December 7 – It was with the cheekiest of Panenkas that Achraf Hakimi and Morocco upset Spain to create a 3-0 penalty win, and World Cup history, to progress to the last eight of the tournament. 

Hakimi grew up in Madrid and on Wednesday he knocked Spain out of the World Cup from the spot kick following a goalless 120 minutes. It was a marvelous team-performances by the Moroccans, who sat back and picked Spain off on the counter.

The North Africans, who enjoyed boisterous support from their fans at the Education City Stadium as well as from the entire Arab world and Africa, created the three best opportunities.

Spain offered very little in front of goal in response. The goalless scoreline looked like it had been coming from the first minute, Luis Enrique’s team couldn’t score in open play, always opting for a pass too many. They couldn’t score from the penalty spot either.

This was death by passing 2.0. In Moscow, the Spanish had strung together 1,137 passes, in Doha 1039, but the end result was the same: lots of dominance of possession, but no end-product.

Spain’s playing style was dated and relied on a Tiki Taka of ten years ago, though the Spanish dugout was left in despair as Pablo Sarabia’s last-second attempt struck the woodwork and stayed out when it could so easily have gone in.

It proved a thin margin as the Spanish were knocked out for the second consecutive time in the round of sixteen. In 2014, they did not even survive the first round as defending champions.

Morocco, meanwhile, became just the fourth African team – and the first Arab nation – to reach the quarterfinal stage after Cameroon in 1990, Senegal in 2002 and Ghana in 2010.

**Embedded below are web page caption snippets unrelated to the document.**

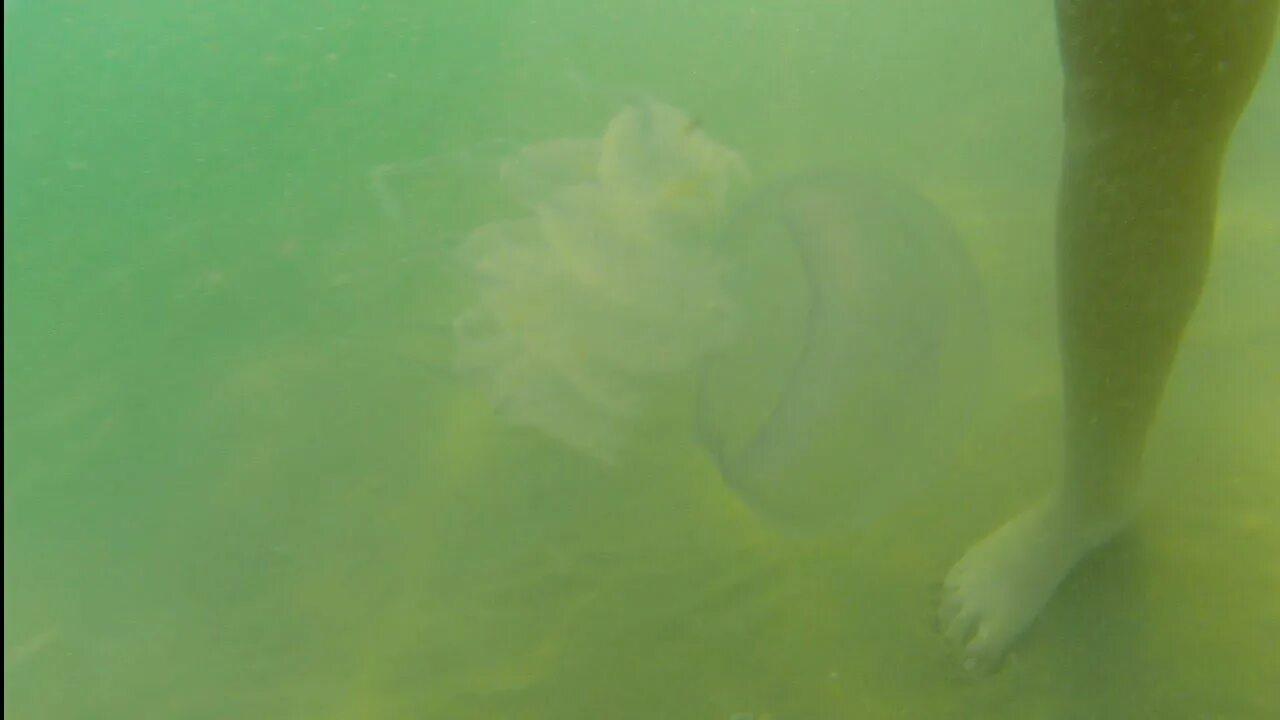 В Анапе море затянуло водорослями и медузами - 3 августа 2023 - 93.ру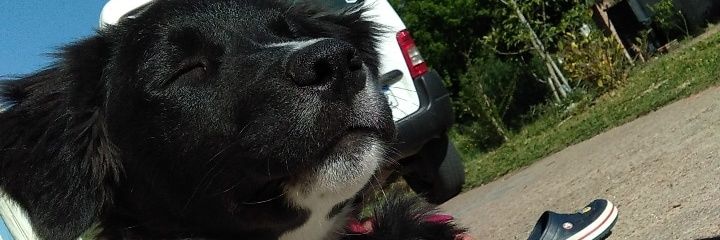 JuliMello95's profile banner image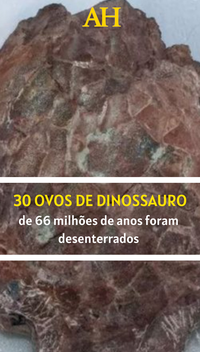 30 ovos de dinossauro de 66 milhões de anos foram desenterrados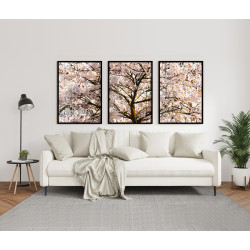 "Trio árvore cerejeira branca" Conjunto de quadros decorativos
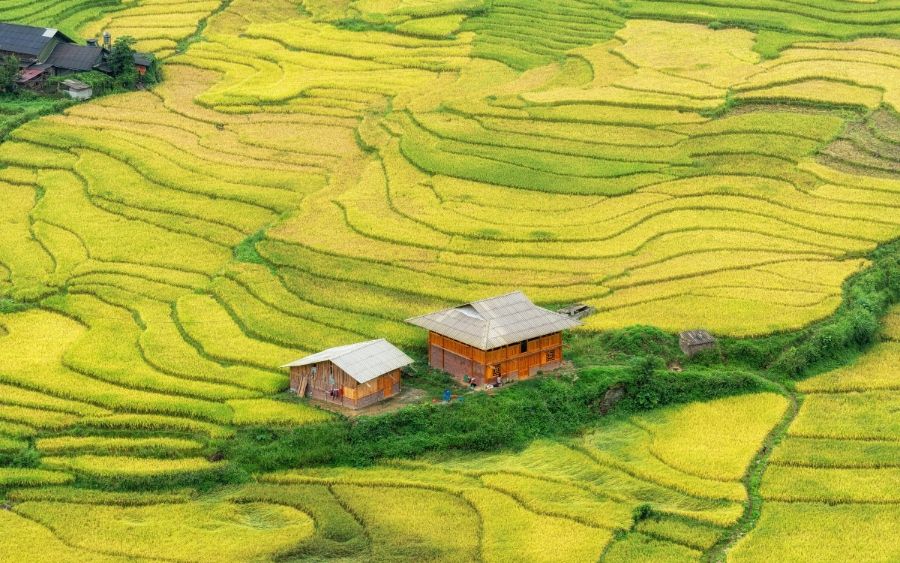 Sapa TerracedField 4 d0609d78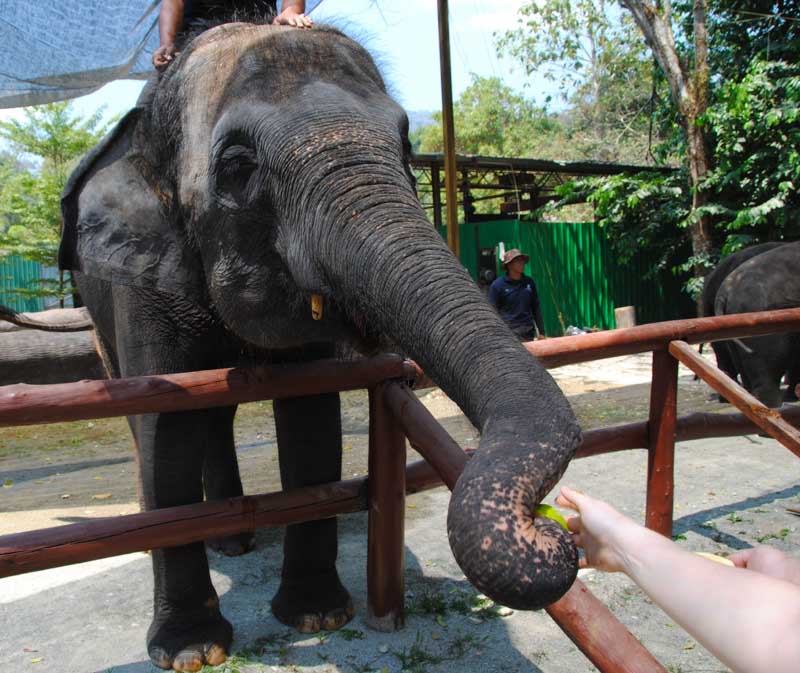 Kuala Gandah Elephant Sanctuary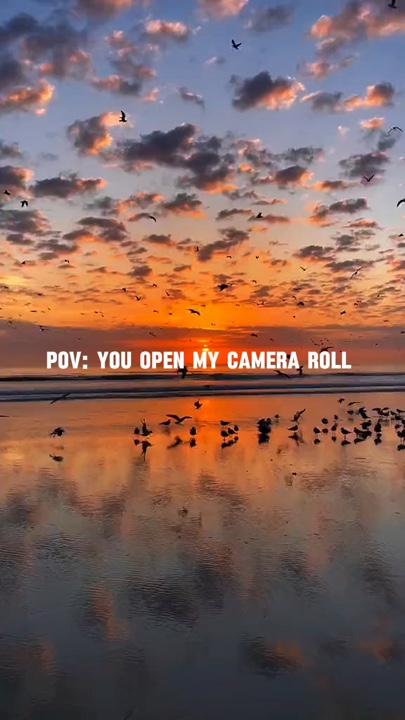 pov:my camera roll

“It is a tremendous achievement and they were all patched up, they all showed tremendous determination,” said Morocco coach Walid Regragui.

“We knew we had tremendous support behind us and we drew from that the energy to give that performance tonight.”

While Spain reflect on another glorious failure, Morocco will have the opportunity to create more history by becoming the first African country to reach the last four if they beat Portugal, who left Ronaldo on the bench in a thumping 6-1 win over Switzerland.

Morocco’s presence in the last eight has prevented Europe and South America from entirely dominating the stage. Four years ago, the 6-2 bi-continental split led to another world champion from Europe as both Uruguay and Brazil exited the tournament in the quarterfinals.